Listening to the dying echo of our world
is plunging me into abyssal vacantness,
week after week, desolate shore after desolate shore.

Musing over your impregnable helplessness,
I’m left in love with your broken mirror
beside the extinguished fire of our hearth.
HUNG UP ON SOMEONE ELSE


How do I explain a dream?
It’s out-of-placeness and out-of-timeness,
all garnished with familiarity.
It’s frankness and eloquence,
all powered by deception.

Suppose I venture an analysis,
take it apart, break it down, decode it.
It’s still solidities colliding in midair,
and I am striving to take cover
under some conspicuous cloud of consciousness.

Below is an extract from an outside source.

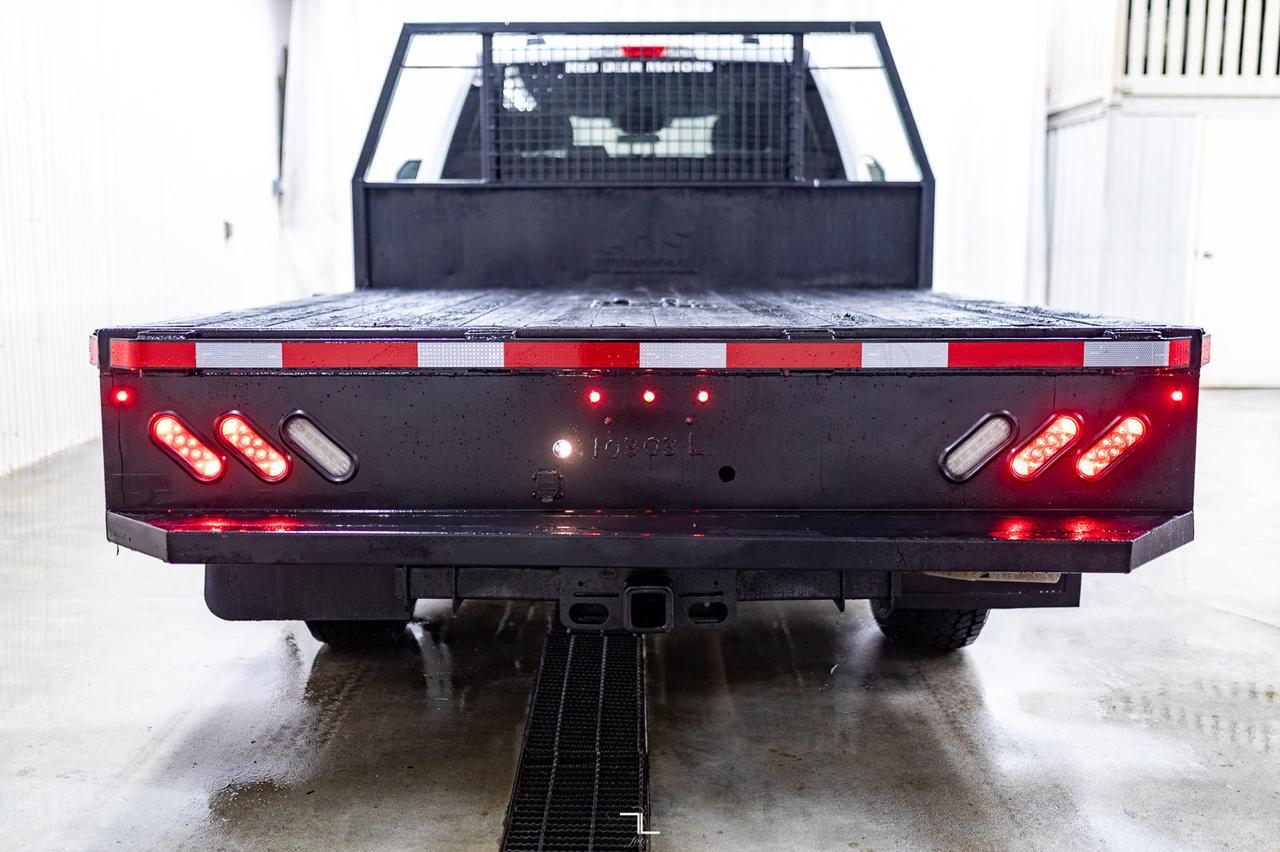 2021 Ford F-350 4x4 Crew Cab XLT Deck Diesel Red Deer AB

What if I get rid of my sense of correctness?
Then at least I travel lighter
and much more impressionable,
which the dream’s mysterious self finds intriguing enough
to lure me
with an even more unexplainable hint of lack of self.
FINE-TUNING


Voyager is inseminating the universe
as I am not being consumed by the fear of death.
In the tiny memory of its mechanical form
takes place a metaphysical transaction
between the improbability of my immortality
and the information of my fertility.

Thus my being alive is transformed
into the promise of an eternal compromise
between a warm machine and a cold depth of space,
leading, perhaps, to a more abstract mortality,
crowned by a touch of a spotless affection
and temporarily transported through the realm
of an almost non-illusory hope.
EYES ON INSTRUMENTS


My consciousness is being vented by your pores,
to be contained by the aspic mould of your carnality,
me being all over you in love, in sheer indulgence.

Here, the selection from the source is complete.